When God at first made man,
Having a glass of blessings standing by;
Let us (said he) pour on him all we can:
Let the world’s riches, which dispersed lie,
Contract into a span.

Beginning with the story of Creation in Genesis, Herbert portrays God as the bountiful Lord whose goodness overflows with the fullness David praises in Psalm 23: “My cup runneth over.” God’s blessings know no limits, for He chooses to “pour on him all we can” and offer man “the world’s riches.” God’s riches abound with a wealth of plentiful gifts that Herbert describes as the best prizes of human happiness:

So strength first made a way;
Then beauty flowed, then wisdom, honour, pleasure:
When almost all was out, God made a stay,
Perceiving that alone of all his treasure
Rest in the bottom lay.

God in the liberality of his munificence bestows this kingly wealth upon his creature, sparing none of his treasure. God endows man with an abundant life enriched with the gratification of the senses, the pleasures of the mind, the wonder of beauty, and the compliments of praise. God empties and pours with openhanded profusion but withholds one last blessing that remains in the cup: peace (“Rest in the bottom lay”). God’s love and wisdom complement each other. To grant man rest in addition to other blessings separates God and man and eliminates the communion between the Creator and his creature.

In his infinite wisdom Go does not part with this last gift—his “jewel”—to prevent man’s self-sufficiency and independence from God, as if man’s ultimate and final happiness consisted of worldly satisfactions without any thought of Heaven, eternal happiness, the Beatific Vision, or the “peace that passes all understanding.” God in his great wisdom gives man temporal pleasure, joy, and happiness but not perfect “rest”—the peace that Christ promises when He says, “Peace I leave with you; my peace I give to you; not as the world gives do I give to you” (John 14:27):

For if I should (said he)
Bestow this jewel also on my creature,
He would adore my gifts instead of me,
And rest in Nature, not the God of Nature:
So both should losers be.

From the heights of Heaven God—as if by means of a pulley—sends down to man on earth this multitude of gifts.
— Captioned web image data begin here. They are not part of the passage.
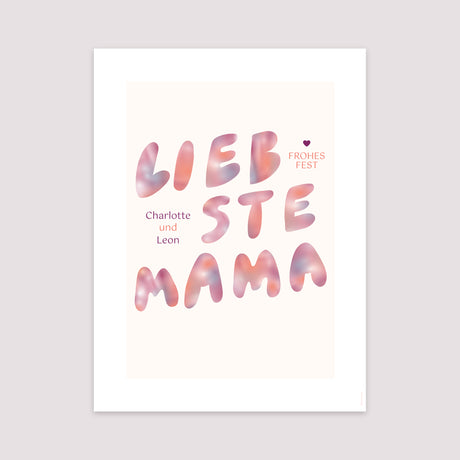 Poster Objekte Porträt Mutter Sonnenaufgang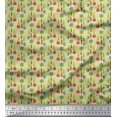thumbnail image 1 of Soimoi Poly Georgette Fabric Text,Tree & Owl Cartoon Fabric Prints by Yard 42 Inch Wide, 1 of 3
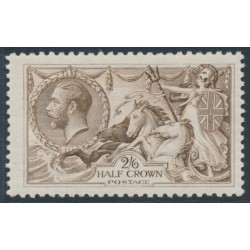 GREAT BRITAIN - 1918 2/6 chocolate-brown Sea Horses (Bradbury, Wilkinson), MNH – SG # 414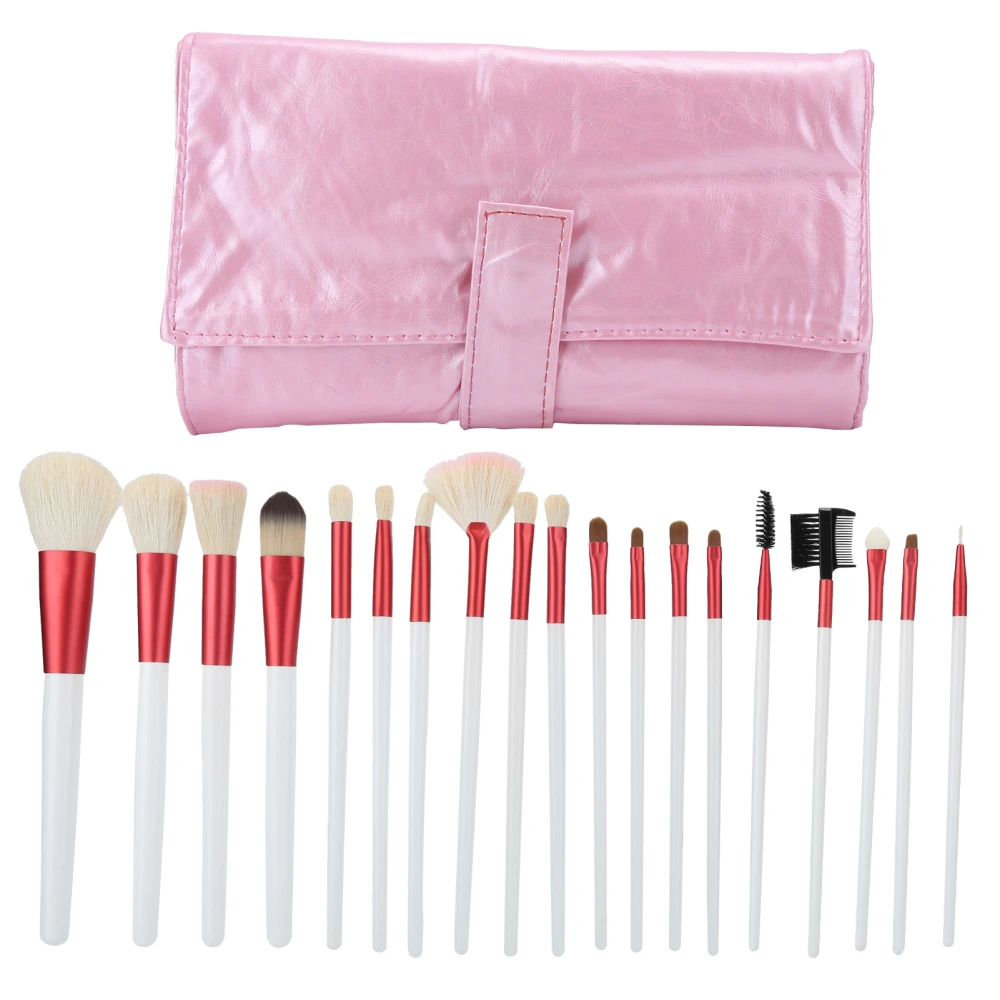 20pcs Makeup Brushes Set Foundation Blush Powder Concealers Eye Shadows Cosmetic Brushes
The heavy weight and number of blessings from heaven above move the pulley downward for man’s benefit and enjoyment, yet God does not put so much weight on his end that the pulley drops all the gifts to touch the earth. He designs the pulley to move downward and bestow many gifts to his creatures yet remain partially suspended. God stops at letting the pulley rest on earth lest man forget the donor of the gifts, fail to express gratitude, or lose his relationship with God. Without the pulley moving always both downward and upward, God’s Providence does not reach man and man’s praise never rises to God: “both should losers be.” Some of the weight—rest, the “jewel”—remains at the top end of the pulley to pull the rope up when man falls victim to the temptation to “rest in Nature, not the God of Nature”—to make the City of Man the City of God or to think man does not need God. God does not want man to live as if God does not exist, and a Heavenly Father does not wish to sever his bond with his children. If man fails to render thanks to God as the author of all gifts and blessings or forgets the purpose of the human pilgrimage and the four last things, then God has another way to lead man to him:

Yet let him keep the rest,
But keep them with repining restlessness:
Let him be rich and weary, that at least,
If goodness lead him not, yet weariness
May toss him to my breast.

In the course of human life the original gifts bestowed from the cup of blessings—strength, pleasure, beauty, honor, pleasure—do not provide lasting happiness but “repining restlessness.” Health declines and strength diminishes. Pleasures fade, and the senses are dulled or jaded. Beauty blooms and then declines. Honor gives momentary glory but then disappears into oblivion. As time progresses and ageing follows, these original pleasures do not provide the deep satisfaction or spiritual joy that offers the rest or peace the heart seeks. Fading and declining, they lose their weight, and the bottom end of the pulley becomes lighter and lighter. As these pleasures lose their capacity to fill man with the happiness he seeks, he grows “weary,” restless, and empty. The weight that remained in the top part of the pulley—now heavier than the lower part—pulls upward, and God leads man back to him by the second method—the way of “weariness” that God has designed when gratitude fails to render to God the things that are God’s.

The poem illuminates the journey of St. Augustine’s soul in the Confessions. Blessed with a loving mother, St. Monica, who never ceased praying for her son’s conversion, and with a generous father, Patricius, who afforded his son the best classical education of the day, Augustine—before his conversion—enjoyed all the blessings enumerated in Herbert’s poem: health, friendship, pleasure, honor, and wisdom. He achieved the prestige of a professor of rhetoric, pursued a love of knowledge, and felt inspired by “an extraordinary and burning love of wisdom.” He reveled in the entertainments of his pagan culture, enjoyed gladiatorial spectacles, “was carried away by plays on the stage,” cultivated the ideals of friendship, and cohabited “with a woman who was not bound to me by marriage.” Despite honor, wisdom, and pleasure Augustine confesses, “I lived a life in which I was seduced and seducing, deceived and deceiving, the prey of various desires.” He writes, “Mad and foolish I was at that time. I raged and sighed and wept and worried, I could not rest, I could not think intelligently.” Although God’s many gifts and life’s pleasures never lifted Augustine’s heart to gratitude, his restlessness ultimately led him to the Catholic faith where his restless found rest: “Stand in Him, and you shall stand fast; rest in Him, and you shall find peace.” Herbert’s concluding line, “If goodness lead him not, yet weariness/ May toss him to my breast” gives special meaning to Augustine’s most famous words: “Our hearts are restless until they find their rest in you.”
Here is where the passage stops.